Task directions: This task calls for copying every line of the records that includes the word "Pockets".

Source data:
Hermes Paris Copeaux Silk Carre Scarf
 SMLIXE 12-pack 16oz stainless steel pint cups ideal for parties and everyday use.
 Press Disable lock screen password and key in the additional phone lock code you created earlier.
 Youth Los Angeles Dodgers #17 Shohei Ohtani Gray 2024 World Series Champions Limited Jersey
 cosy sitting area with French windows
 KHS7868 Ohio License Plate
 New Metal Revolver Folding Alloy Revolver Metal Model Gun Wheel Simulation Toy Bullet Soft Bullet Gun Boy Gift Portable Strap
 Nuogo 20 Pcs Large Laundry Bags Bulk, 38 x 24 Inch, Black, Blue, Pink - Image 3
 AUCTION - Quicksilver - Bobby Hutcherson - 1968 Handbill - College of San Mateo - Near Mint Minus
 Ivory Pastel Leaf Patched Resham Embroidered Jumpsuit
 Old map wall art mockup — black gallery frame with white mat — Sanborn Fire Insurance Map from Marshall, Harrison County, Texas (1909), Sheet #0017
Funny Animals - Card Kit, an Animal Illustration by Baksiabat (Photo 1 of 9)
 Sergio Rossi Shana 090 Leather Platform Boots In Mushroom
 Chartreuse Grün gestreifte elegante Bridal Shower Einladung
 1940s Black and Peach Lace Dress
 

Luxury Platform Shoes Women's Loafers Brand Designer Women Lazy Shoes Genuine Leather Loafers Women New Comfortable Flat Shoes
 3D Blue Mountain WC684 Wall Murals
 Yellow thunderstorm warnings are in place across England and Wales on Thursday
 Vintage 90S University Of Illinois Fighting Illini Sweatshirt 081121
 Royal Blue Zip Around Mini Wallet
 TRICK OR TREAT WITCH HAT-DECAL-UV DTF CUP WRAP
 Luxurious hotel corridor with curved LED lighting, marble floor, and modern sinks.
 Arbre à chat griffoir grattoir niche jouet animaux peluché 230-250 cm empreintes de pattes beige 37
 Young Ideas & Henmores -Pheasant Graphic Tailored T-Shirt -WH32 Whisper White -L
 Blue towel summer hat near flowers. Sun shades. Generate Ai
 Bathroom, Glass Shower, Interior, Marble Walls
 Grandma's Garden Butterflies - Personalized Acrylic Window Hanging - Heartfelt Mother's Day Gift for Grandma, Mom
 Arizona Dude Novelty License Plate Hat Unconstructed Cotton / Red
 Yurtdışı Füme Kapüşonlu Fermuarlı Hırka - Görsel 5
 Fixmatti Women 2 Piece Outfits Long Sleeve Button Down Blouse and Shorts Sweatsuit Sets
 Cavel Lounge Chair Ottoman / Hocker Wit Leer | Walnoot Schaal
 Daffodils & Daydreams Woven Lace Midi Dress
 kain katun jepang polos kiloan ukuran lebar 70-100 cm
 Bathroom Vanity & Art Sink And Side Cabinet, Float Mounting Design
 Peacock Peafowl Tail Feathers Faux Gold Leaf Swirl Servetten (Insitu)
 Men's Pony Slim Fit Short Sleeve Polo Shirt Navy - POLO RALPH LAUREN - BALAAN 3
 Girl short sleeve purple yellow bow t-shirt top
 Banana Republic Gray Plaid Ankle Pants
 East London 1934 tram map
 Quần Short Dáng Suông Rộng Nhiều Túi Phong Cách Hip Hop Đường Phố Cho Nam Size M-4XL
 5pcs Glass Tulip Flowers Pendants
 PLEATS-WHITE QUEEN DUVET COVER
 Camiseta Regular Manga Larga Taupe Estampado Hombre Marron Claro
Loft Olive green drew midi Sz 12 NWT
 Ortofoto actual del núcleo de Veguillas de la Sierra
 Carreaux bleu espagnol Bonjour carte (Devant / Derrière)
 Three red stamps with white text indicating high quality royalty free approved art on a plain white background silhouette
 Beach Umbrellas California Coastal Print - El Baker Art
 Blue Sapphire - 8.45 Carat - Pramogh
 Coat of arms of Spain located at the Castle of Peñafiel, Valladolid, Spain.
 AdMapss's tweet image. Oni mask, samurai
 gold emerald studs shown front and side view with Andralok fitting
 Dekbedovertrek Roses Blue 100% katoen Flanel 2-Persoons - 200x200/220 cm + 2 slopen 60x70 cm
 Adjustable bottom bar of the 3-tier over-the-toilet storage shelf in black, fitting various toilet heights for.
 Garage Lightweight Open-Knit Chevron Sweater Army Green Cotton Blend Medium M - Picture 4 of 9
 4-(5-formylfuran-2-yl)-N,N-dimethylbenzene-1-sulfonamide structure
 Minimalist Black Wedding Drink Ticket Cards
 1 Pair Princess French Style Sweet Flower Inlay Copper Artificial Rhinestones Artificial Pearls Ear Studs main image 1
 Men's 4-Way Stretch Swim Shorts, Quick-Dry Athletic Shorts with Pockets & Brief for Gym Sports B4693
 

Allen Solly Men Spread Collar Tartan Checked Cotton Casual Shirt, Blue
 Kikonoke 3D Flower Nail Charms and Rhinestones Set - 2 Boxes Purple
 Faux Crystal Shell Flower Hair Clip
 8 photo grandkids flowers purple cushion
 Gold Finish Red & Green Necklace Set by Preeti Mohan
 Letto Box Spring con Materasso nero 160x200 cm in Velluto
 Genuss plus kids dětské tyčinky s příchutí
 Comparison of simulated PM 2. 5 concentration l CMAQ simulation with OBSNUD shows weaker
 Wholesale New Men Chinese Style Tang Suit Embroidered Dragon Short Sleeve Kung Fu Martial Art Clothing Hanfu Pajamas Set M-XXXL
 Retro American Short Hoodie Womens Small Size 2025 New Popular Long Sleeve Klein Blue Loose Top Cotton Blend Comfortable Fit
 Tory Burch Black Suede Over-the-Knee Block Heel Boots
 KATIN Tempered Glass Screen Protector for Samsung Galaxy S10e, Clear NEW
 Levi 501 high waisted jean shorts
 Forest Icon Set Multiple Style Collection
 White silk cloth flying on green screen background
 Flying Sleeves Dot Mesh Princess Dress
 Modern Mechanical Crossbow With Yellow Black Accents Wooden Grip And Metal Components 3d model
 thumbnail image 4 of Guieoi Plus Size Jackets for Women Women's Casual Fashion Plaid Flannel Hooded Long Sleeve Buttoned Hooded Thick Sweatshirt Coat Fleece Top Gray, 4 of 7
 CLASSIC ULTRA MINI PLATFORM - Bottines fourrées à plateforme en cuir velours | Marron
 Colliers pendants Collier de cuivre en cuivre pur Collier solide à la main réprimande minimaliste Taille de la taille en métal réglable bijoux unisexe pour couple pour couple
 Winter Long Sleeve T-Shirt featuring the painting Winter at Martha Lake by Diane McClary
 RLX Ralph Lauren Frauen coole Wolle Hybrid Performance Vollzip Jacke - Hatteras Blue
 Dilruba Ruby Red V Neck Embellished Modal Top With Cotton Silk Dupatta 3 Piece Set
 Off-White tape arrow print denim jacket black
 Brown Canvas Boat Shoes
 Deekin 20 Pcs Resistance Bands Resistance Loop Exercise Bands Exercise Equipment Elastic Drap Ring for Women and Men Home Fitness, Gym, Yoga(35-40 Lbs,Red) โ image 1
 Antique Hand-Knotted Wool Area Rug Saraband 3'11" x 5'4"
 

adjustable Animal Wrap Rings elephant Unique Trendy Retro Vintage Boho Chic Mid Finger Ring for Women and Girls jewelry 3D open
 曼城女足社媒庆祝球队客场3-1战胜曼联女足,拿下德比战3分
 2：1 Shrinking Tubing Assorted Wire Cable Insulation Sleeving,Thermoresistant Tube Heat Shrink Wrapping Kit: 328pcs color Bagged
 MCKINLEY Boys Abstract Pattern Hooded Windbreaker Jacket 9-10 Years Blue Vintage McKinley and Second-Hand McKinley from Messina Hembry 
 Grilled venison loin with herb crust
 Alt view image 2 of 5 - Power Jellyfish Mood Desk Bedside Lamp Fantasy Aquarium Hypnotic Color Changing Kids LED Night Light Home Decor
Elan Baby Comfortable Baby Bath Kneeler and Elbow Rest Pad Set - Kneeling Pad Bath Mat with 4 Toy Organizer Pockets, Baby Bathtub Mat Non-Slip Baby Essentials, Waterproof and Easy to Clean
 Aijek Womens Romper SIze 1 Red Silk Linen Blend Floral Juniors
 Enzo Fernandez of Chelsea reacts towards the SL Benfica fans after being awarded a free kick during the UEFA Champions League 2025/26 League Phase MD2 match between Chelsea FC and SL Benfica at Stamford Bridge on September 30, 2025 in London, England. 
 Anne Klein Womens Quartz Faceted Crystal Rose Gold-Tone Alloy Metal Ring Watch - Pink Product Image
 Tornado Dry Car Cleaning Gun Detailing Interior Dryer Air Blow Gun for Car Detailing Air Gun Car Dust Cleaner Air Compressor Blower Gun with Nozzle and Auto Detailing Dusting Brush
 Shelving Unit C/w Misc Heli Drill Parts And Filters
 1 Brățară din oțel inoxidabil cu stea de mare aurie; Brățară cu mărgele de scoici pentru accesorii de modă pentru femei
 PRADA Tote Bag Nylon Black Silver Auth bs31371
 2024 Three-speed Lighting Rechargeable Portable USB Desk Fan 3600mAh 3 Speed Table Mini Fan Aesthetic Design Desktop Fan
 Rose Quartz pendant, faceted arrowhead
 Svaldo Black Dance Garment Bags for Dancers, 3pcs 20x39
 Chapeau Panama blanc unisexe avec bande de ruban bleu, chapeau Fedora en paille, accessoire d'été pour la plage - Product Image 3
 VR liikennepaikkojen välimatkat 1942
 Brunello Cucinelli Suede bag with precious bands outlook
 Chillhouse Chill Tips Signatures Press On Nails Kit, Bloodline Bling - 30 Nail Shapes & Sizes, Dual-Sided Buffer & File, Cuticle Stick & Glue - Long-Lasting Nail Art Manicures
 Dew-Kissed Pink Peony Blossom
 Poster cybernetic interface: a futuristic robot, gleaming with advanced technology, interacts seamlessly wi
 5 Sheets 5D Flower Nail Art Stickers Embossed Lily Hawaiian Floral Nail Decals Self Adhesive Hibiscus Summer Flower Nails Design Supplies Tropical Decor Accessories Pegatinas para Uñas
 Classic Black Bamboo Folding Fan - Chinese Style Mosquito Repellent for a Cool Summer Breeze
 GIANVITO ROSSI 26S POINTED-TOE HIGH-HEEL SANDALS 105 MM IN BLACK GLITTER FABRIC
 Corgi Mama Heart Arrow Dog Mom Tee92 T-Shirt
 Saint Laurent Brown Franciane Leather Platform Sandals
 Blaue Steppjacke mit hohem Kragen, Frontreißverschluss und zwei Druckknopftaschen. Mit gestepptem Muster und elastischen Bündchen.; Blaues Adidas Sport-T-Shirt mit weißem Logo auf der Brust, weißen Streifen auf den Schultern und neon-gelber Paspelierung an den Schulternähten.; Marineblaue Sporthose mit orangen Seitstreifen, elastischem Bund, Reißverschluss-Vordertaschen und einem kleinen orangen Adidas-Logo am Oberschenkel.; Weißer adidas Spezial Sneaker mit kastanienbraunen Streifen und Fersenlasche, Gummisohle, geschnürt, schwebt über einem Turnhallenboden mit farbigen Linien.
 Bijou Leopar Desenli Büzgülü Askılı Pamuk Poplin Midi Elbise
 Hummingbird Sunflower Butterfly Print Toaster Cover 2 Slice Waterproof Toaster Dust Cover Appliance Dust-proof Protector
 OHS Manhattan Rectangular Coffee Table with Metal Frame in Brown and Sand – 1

Answer to this task:
 Men's 4-Way Stretch Swim Shorts, Quick-Dry Athletic Shorts with Pockets & Brief for Gym Sports B4693
Elan Baby Comfortable Baby Bath Kneeler and Elbow Rest Pad Set - Kneeling Pad Bath Mat with 4 Toy Organizer Pockets, Baby Bathtub Mat Non-Slip Baby Essentials, Waterproof and Easy to Clean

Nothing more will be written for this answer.